[Scraped caption text data]

---

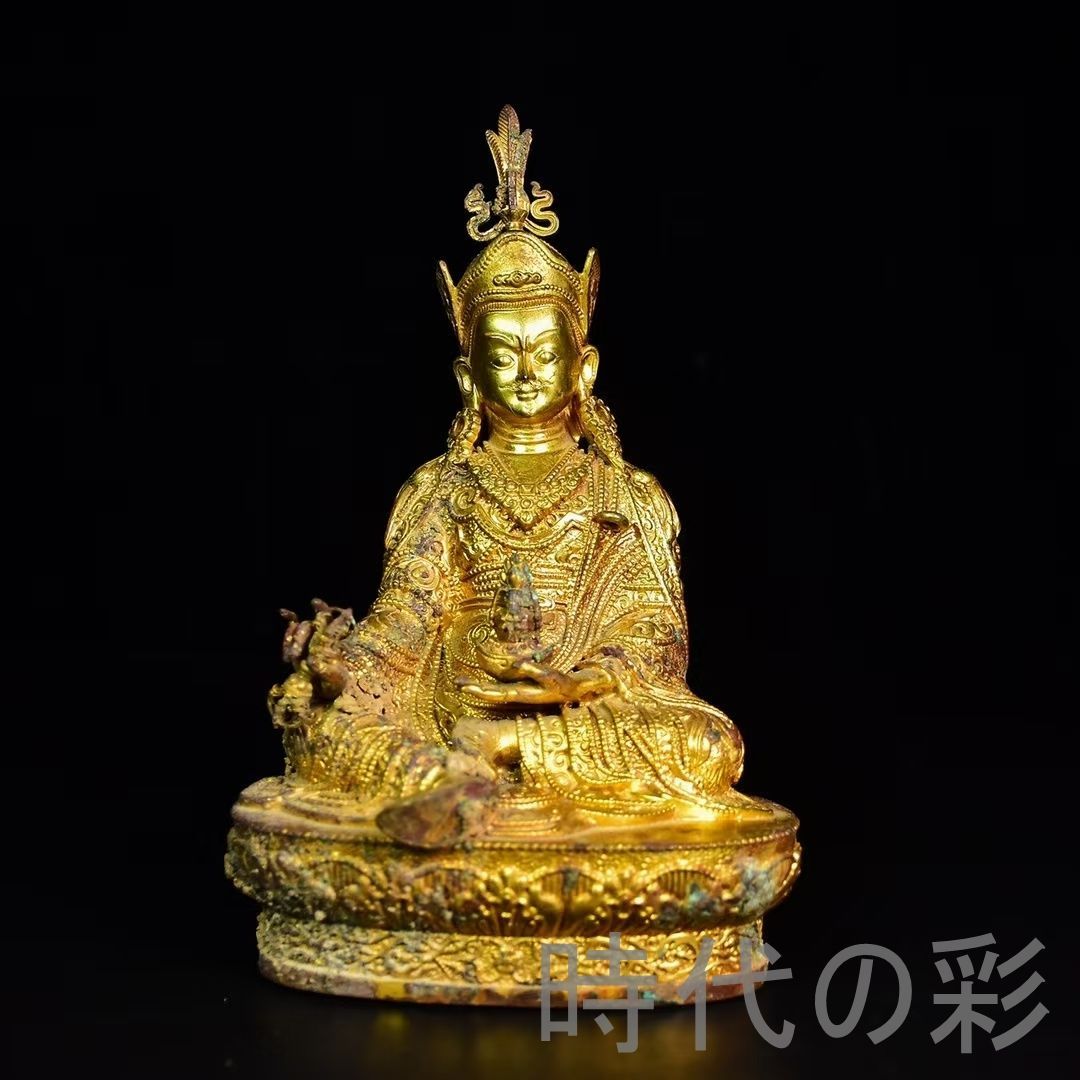 中国古美術 鍍金銅 描金 純銅製 仏像 出土風 仏教美術 観賞用 伝統彫刻 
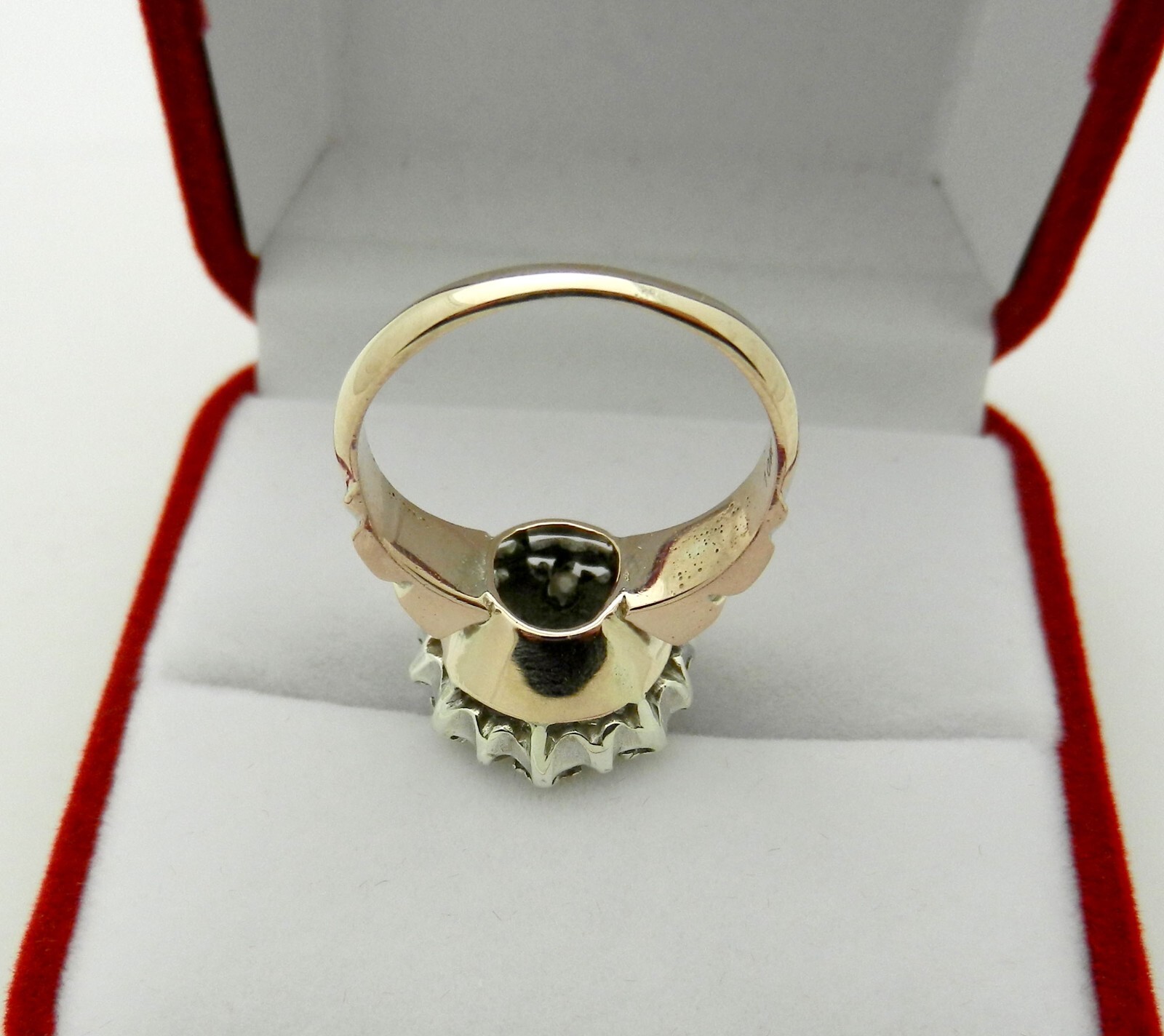 Antique Silver and 9kt Pink Gold and Rose Cut Diamond Ring size 7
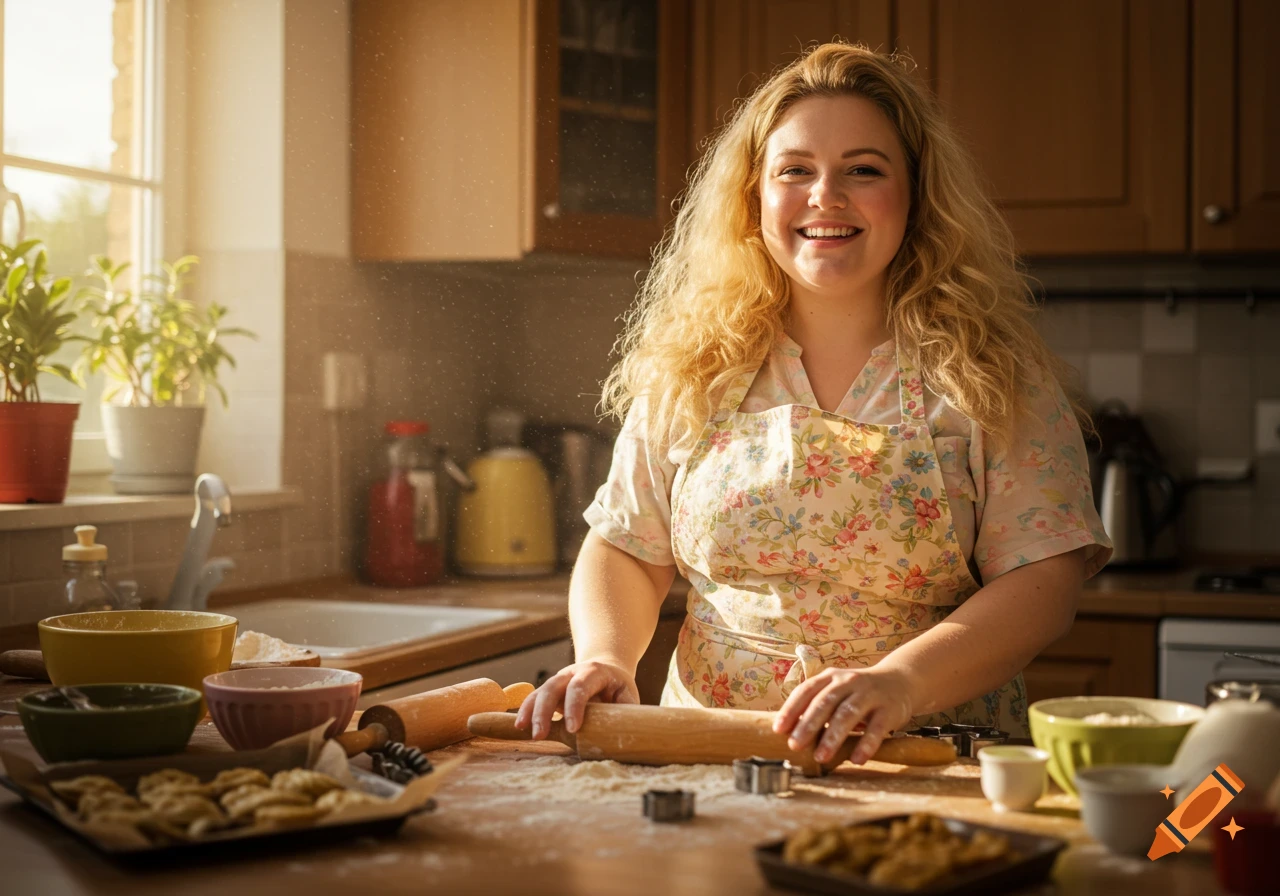 A smiling blonde woman in a floral apron rolls dough on a flour-dusted kitchen counter, surrounded by baking tools and ingredients, lit by sunlight.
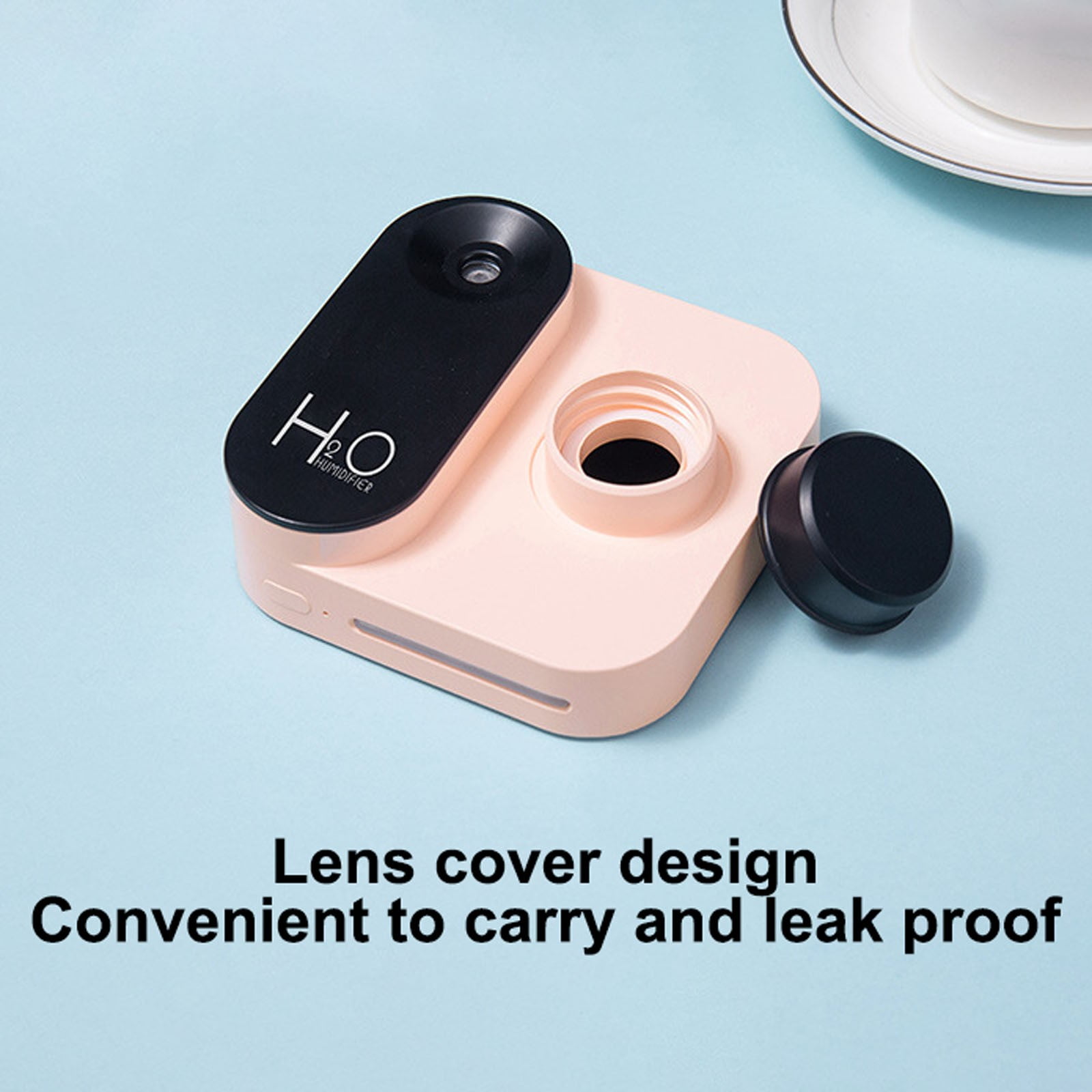 Portable Mini USB Travel Humidifier with Auto Shut Off Super Quiet Cool Mist Air Moisturizer for Indoor Bedroom Desk Nightlight Leak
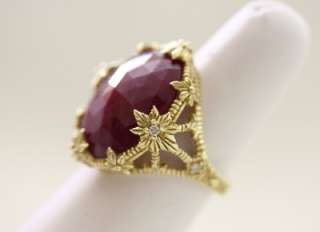 Judith Ripka 18K Yellow Gold African Ruby & Diamond Starlight Ring 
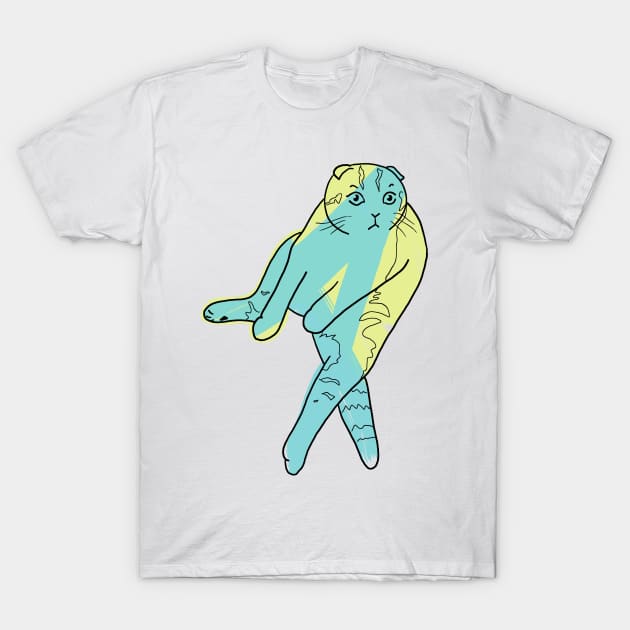 Scottish Fold Cat Sitting Blue/Green and Yellow Design T-Shirt by ursoleite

---

▸ **TASK DIRECTIONS**
Exclude images and repeat all entries exactly.

▸ **EXERCISE ANSWER**
 中国古美術 鍍金銅 描金 純銅製 仏像 出土風 仏教美術 観賞用 伝統彫刻 
 Antique Silver and 9kt Pink Gold and Rose Cut Diamond Ring size 7
 A smiling blonde woman in a floral apron rolls dough on a flour-dusted kitchen counter, surrounded by baking tools and ingredients, lit by sunlight.
 Portable Mini USB Travel Humidifier with Auto Shut Off Super Quiet Cool Mist Air Moisturizer for Indoor Bedroom Desk Nightlight Leak
 Judith Ripka 18K Yellow Gold African Ruby & Diamond Starlight Ring 
 Scottish Fold Cat Sitting Blue/Green and Yellow Design T-Shirt by ursoleite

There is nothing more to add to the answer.